=== Data ===

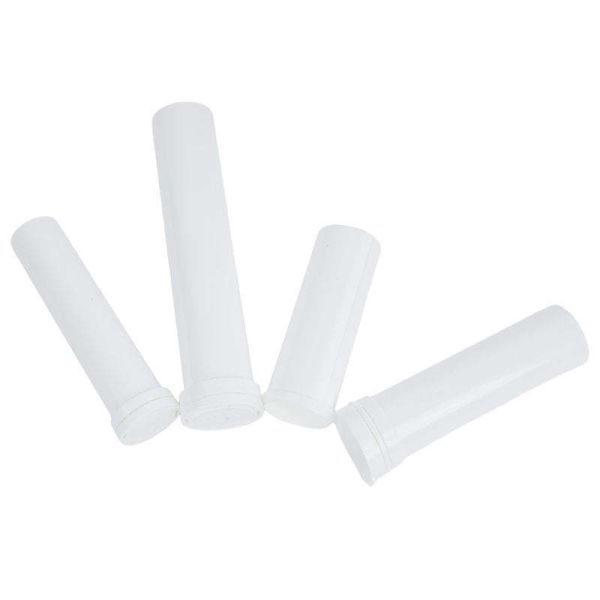 2024 Branded Effervescent Tablet Tube for Vitamins Custom Printed Empty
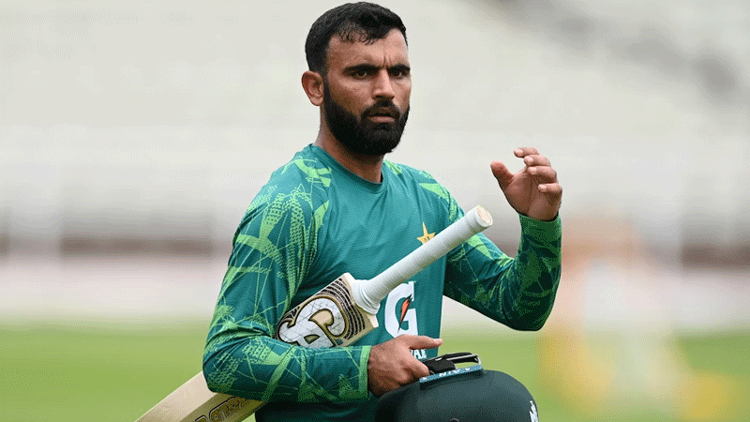 শাস্তির কবলে জামান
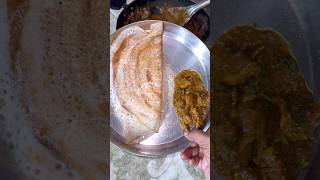 Mouth Watering Mutton Karahi Curry Recipe  Lahore Special Dosa Mutton Recipe shorts muttonrecipe [upl. by Kerby]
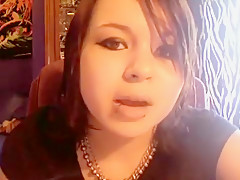 Incredible homemade Fetish, Smoking adult clip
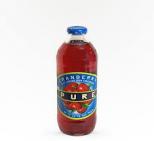 Mr. Pure Cranberry Juice 0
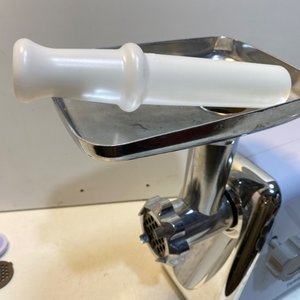 Picadora de Carne Eléctrica Rotel Turbo Force 1300 con Accesorios - imagen 5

===

- _Required work_
Your reply should consist solely of the lines above from the line containing "Mouth Watering Mutton" up to and including the line containing "Mr. Pure Cranberry Juice 0", reproduced exactly, minus the pictures.

- _Result for this exercise_
 Mouth Watering Mutton Karahi Curry Recipe  Lahore Special Dosa Mutton Recipe shorts muttonrecipe [upl. by Kerby]
 Incredible homemade Fetish, Smoking adult clip
 Mr. Pure Cranberry Juice 0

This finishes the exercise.